Sin or Sinclair?

Broadcast company’s tentacles reach widely

Sinclair Broadcasting started in 1971 with a radio station and single TV station, WBFF-TV in Maryland. Now Sinclair is a media behemoth with stations across the country, including here in Eugene.

Locally, Sinclair owns KVAL and runs KMTR through a “shared services” agreement that allows the stations to save money. Shared services agreements have led to concerns that such business arrangements may violate Federal Communications Commission (FCC) ownership policies. Locally, this sharing of services means the two stations’ websites are virtually identical.

According to the FCC, “Sinclair owns or operates 173 broadcast television stations, consisting of 528 channels, in 81 markets, with affiliations with all major networks, and is the largest local news provider in the country.”

And, the FCC says, Sinclair is in the process of buying the Tribune Media Company, which owns or operates “42 broadcast television stations in 33 markets, also with affiliations with all major networks.”

This would mean that Sinclair would reach 72 percent of American households with its news and, for an added bonus, Sinclair supplies content.

Sinclair provides “must-run” commentaries such as “Bottom Line with Boris” that weigh in on politics with expertise — Russian-born Boris Epshteyn, now a chief political analyst at Sinclair, was a senior advisor to Donald Trump’s 2016 campaign for president.

Epshteyn’s commentaries replace Mark Hyman’s “Behind the Headlines,” which included advice for “snowflakes” going to college like: “And about that demand for a safe space. You have one. It’s not the entire campus. It’s your dorm room. Not grown-up enough to deal with the facts? Then hunker down in your room and Snapchat the day away with other social justice warriors.”

The commentaries are run as part of the newscast.

Epshteyn told Variety that the criticism of his presence in Sinclair’s newscasts stems from “bias against the company from mainstream media.”

CNN recently pointed out that Sinclair news anchors were told they would need to tape segments expressing their concerns about “the troubling trend of irresponsible and one-sided news stories plaguing our country.”

Update: After this story was posted, Deadspin posted a video of hundreds of Sinclair anchors reading the same promo CNN pointed to parroting the words of Donald Trump about “fake news.”

Sinclair had previously supplied the lines for its anchors to read, as John Oliver pointed out in a biting 18-minute commentary about Sinclair last summer.

David Smith, the son of founder Julian Sinclair Smith, is the executive chairman and chairman of the board, and he and three other Smith sons have voting shares in the company. Salon reports that in 1996, after being arrested in a prostitution sting, as part of his plea agreement, David Smith “ordered his newsroom employees to produce a series of reports on a local drug counseling program, which counted toward Smith’s court-ordered community service.”

Not everyone appreciates Sinclair’s supplied content.
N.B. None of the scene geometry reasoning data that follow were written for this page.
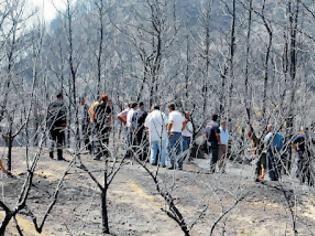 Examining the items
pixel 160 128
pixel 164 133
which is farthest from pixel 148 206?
pixel 160 128

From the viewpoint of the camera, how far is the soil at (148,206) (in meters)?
9.14

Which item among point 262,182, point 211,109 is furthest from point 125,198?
point 211,109

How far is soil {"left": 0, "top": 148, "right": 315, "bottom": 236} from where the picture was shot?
30.0ft

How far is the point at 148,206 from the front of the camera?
34.7 ft

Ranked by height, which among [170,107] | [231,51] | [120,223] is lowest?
[120,223]

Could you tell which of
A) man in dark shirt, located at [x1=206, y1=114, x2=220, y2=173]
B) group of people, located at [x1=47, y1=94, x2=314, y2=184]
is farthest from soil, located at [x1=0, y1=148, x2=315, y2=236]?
man in dark shirt, located at [x1=206, y1=114, x2=220, y2=173]

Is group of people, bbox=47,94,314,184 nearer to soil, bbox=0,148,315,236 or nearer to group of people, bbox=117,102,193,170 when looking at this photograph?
group of people, bbox=117,102,193,170

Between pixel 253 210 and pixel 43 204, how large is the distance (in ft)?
13.2

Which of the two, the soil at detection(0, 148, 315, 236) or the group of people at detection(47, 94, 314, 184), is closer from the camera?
the soil at detection(0, 148, 315, 236)

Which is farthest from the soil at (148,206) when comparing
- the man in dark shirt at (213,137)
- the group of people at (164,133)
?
the man in dark shirt at (213,137)

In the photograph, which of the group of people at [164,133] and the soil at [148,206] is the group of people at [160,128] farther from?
the soil at [148,206]

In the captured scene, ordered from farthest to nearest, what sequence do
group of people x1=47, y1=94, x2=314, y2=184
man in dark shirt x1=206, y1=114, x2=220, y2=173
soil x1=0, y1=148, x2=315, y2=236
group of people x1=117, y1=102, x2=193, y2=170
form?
man in dark shirt x1=206, y1=114, x2=220, y2=173 < group of people x1=117, y1=102, x2=193, y2=170 < group of people x1=47, y1=94, x2=314, y2=184 < soil x1=0, y1=148, x2=315, y2=236

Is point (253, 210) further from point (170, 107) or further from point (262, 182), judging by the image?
point (170, 107)

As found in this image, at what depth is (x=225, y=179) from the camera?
12750 mm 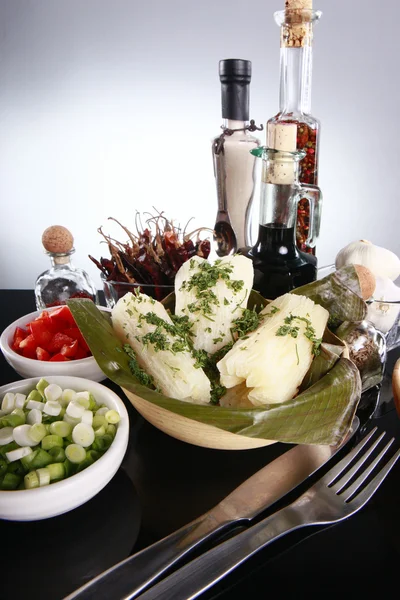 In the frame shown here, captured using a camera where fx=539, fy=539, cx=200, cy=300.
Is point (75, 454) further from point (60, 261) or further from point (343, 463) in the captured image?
point (60, 261)

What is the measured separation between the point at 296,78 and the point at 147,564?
95 cm

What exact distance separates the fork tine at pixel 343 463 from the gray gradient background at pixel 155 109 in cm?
208

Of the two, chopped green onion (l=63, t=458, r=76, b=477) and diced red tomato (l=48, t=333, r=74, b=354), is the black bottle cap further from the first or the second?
chopped green onion (l=63, t=458, r=76, b=477)

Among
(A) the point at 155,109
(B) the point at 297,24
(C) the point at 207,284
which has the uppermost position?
(B) the point at 297,24

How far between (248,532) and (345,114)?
237 centimetres

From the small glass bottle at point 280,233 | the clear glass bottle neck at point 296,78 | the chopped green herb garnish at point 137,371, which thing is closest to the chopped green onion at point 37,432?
the chopped green herb garnish at point 137,371

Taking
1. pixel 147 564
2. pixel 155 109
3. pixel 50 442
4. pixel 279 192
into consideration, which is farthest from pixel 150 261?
pixel 155 109

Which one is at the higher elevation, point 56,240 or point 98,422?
point 56,240

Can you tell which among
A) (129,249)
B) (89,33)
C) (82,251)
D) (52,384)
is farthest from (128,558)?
(89,33)

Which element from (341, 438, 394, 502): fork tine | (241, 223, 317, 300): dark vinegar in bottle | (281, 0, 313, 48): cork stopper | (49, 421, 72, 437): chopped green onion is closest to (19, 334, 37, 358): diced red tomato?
(49, 421, 72, 437): chopped green onion

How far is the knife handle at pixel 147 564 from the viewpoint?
48 cm

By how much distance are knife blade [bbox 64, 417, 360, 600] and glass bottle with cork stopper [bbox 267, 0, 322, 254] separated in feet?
1.61

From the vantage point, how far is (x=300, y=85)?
110cm

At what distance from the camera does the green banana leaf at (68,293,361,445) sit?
563mm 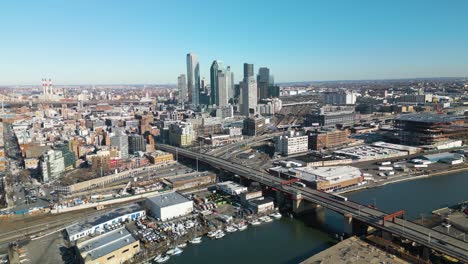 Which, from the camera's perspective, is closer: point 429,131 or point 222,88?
point 429,131

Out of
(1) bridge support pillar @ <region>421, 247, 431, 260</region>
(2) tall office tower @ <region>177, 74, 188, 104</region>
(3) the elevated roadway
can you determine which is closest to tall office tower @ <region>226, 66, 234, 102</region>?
(2) tall office tower @ <region>177, 74, 188, 104</region>

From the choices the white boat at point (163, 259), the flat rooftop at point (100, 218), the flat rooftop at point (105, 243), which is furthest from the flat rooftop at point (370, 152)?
the flat rooftop at point (105, 243)

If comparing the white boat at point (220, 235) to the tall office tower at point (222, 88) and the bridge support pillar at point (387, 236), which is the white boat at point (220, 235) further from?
the tall office tower at point (222, 88)

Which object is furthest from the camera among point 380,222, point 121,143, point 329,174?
point 121,143

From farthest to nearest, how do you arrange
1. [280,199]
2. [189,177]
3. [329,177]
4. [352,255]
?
[189,177] < [329,177] < [280,199] < [352,255]

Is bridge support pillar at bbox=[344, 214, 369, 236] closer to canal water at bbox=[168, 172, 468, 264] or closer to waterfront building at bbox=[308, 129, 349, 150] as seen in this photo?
canal water at bbox=[168, 172, 468, 264]

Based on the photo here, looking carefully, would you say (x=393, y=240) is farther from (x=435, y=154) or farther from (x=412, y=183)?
(x=435, y=154)

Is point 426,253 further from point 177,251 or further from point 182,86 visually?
point 182,86

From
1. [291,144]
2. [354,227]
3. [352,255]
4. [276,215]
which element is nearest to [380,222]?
[354,227] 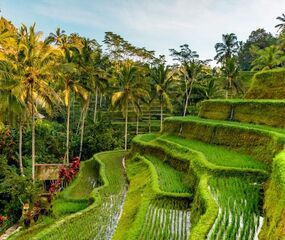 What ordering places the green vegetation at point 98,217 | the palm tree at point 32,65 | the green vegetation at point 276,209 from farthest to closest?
the palm tree at point 32,65, the green vegetation at point 98,217, the green vegetation at point 276,209

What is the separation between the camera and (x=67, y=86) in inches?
939

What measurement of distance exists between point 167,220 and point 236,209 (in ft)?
7.41

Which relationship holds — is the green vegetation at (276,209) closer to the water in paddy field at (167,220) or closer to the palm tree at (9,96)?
the water in paddy field at (167,220)

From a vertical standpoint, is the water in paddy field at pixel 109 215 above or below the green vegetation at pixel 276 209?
below

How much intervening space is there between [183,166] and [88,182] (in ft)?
20.8

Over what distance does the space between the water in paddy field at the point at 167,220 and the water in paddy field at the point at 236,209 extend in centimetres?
119

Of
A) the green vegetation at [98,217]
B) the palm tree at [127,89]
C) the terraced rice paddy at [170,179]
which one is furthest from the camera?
the palm tree at [127,89]

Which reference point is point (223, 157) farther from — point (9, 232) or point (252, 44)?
point (252, 44)

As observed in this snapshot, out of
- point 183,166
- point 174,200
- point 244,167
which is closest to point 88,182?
point 183,166

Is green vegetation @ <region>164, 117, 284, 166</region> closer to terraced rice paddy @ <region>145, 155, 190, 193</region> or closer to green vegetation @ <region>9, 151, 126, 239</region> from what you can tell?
terraced rice paddy @ <region>145, 155, 190, 193</region>

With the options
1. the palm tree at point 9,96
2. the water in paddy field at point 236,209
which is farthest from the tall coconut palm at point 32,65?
the water in paddy field at point 236,209

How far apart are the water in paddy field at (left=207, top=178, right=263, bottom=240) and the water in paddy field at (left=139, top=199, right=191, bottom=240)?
3.91 feet

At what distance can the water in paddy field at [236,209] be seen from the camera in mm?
7484

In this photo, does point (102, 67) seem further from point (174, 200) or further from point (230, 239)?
point (230, 239) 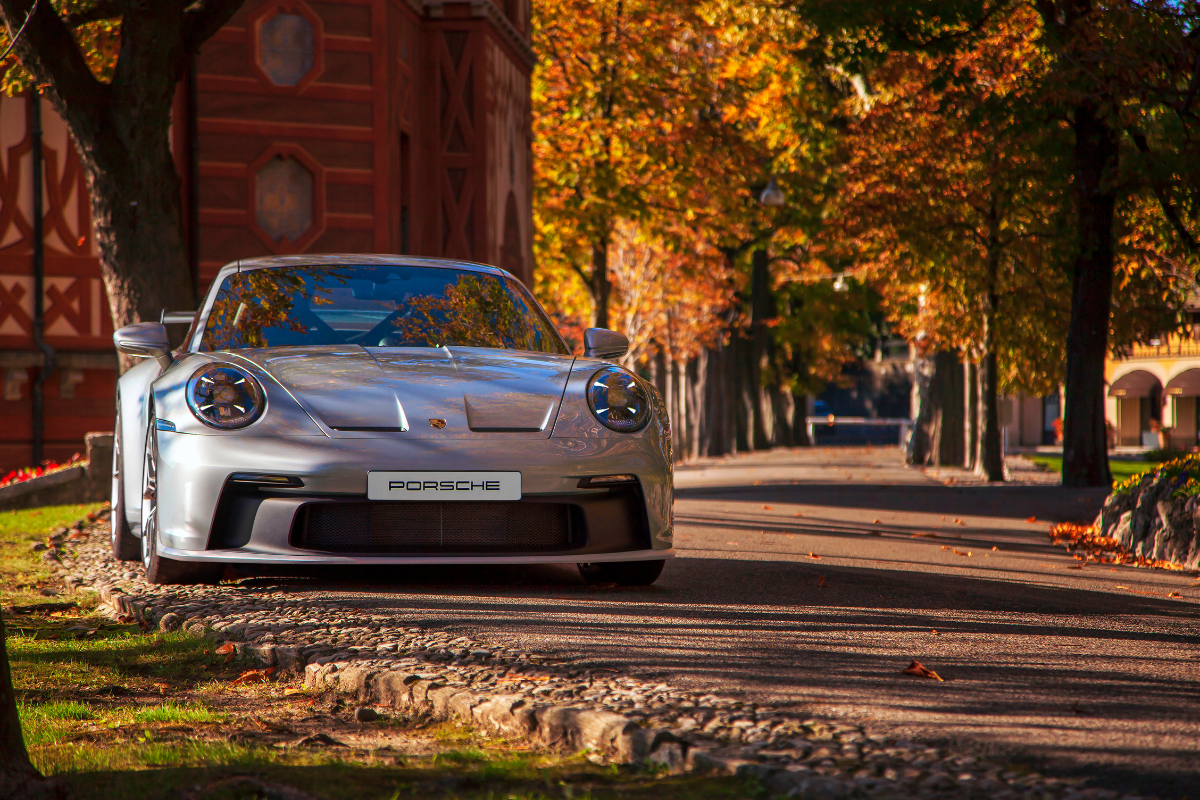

The FCC levied a more than $13 million fine last year on the company for its 1,723 on-air segments about the Huntsman Cancer Institute (paid for by the Huntsman Cancer Foundation, a fact Sinclair neglected to disclose) across 64 of its local TV stations around the country.

One of Sinclair’s efforts, female- and millennial-focused Circa News, was called one of Donald Trump’s “new besties” by website The Root, which also says, “What if Breitbart and Fox News had a couple of babies? What if they grew up to be a cool, slicker version of their parents and started becoming more powerful?”

Circa was studied by Harvard’s Nieman Lab, which pointed out that Circa under Sinclair’s leadership has “a tendency for its stories to be picked up by Fox News.”

Those curious about the Circa news app can find it at the top of both KMTR and KVAL’s websites.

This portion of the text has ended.